Образованные люди перевели свой взор с современной Европы на Древнюю Русь. Дворяне пристально всматривались в крестьян, мещан и купцов — в простой народ, сберегший наследие пращуров.
Ученые исследовали удивительный мир народных песен, сказок и былин. Собиратели гонялись за старинными книгами и иконами. У щеголей были в чести бороды, косоворотки и смазные сапоги.
Особого внимания удостоились старообрядцы — верные хранители сокровищ Святой Руси. Началось внимательное изучение их письменности и искусства.
В 1861 году в «Летописях русской литературы и древностей» впервые издается «Житие» протопопа Аввакума. На следующий год оно печатается отдельной книгой.
Лучшие русские умы ознакомились с «Житием». Не все согласились со взглядами протопопа, но все оценили его выразительный слог.
Иван Сергеевич Тургенев восклицал:
— «Житие» протопопа Аввакума — вот книга! Аввакум писал таким языком, что каждому писателю непременно следует изучать его. Я часто перечитываю его книгу.

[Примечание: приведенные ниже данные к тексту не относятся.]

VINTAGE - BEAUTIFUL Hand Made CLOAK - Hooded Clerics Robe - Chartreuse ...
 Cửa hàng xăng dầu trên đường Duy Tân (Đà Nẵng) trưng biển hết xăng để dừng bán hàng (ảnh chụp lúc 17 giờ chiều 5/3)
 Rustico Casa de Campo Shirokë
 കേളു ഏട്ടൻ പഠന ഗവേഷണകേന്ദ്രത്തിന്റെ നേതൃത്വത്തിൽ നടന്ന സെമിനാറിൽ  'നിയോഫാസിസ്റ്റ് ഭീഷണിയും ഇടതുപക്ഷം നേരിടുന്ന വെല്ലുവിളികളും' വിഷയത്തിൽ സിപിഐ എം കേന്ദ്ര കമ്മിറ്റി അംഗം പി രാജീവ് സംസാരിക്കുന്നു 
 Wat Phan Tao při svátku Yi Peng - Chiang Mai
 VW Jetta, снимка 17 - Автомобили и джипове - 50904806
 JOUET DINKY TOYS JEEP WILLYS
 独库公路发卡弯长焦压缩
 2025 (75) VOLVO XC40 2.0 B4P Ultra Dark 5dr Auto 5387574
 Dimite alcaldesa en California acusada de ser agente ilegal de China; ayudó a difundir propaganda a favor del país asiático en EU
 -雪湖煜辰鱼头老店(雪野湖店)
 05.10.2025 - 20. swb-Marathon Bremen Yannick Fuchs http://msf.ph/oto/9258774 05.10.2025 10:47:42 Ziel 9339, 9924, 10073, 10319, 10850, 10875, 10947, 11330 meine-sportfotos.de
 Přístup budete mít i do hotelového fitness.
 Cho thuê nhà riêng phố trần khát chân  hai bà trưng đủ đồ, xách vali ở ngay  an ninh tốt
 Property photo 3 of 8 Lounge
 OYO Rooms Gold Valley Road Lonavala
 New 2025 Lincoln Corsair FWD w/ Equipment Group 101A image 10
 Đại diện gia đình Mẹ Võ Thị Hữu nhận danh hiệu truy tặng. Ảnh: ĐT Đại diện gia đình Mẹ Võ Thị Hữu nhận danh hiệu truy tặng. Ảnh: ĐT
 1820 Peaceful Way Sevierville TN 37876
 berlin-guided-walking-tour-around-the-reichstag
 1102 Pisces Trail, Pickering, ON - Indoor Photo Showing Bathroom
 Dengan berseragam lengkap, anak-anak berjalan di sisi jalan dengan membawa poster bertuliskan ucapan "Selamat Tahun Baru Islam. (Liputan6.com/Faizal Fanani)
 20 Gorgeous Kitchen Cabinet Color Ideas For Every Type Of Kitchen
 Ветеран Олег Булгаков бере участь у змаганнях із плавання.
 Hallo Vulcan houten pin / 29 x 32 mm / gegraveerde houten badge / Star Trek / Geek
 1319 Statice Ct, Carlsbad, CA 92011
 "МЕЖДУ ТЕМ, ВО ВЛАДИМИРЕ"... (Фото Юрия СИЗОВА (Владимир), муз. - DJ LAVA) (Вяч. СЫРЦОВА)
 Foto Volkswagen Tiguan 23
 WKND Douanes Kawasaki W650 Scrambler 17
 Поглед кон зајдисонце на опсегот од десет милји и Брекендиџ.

С большим уважением и любовью говорил о протопопе Лев Николаевич Толстой. Он вслух читал домочадцам «Житие» и плакал во время чтения.
Во второй половине XIX века многих писателей привлекали горестная история церковного раскола и крепкий быт старообрядцев. Многие литературные произведения посвящаются староверам. Их выводят на страницы своих книг Достоевский, Толстой, Тургенев, Лесков и Мамин-Сибиряк.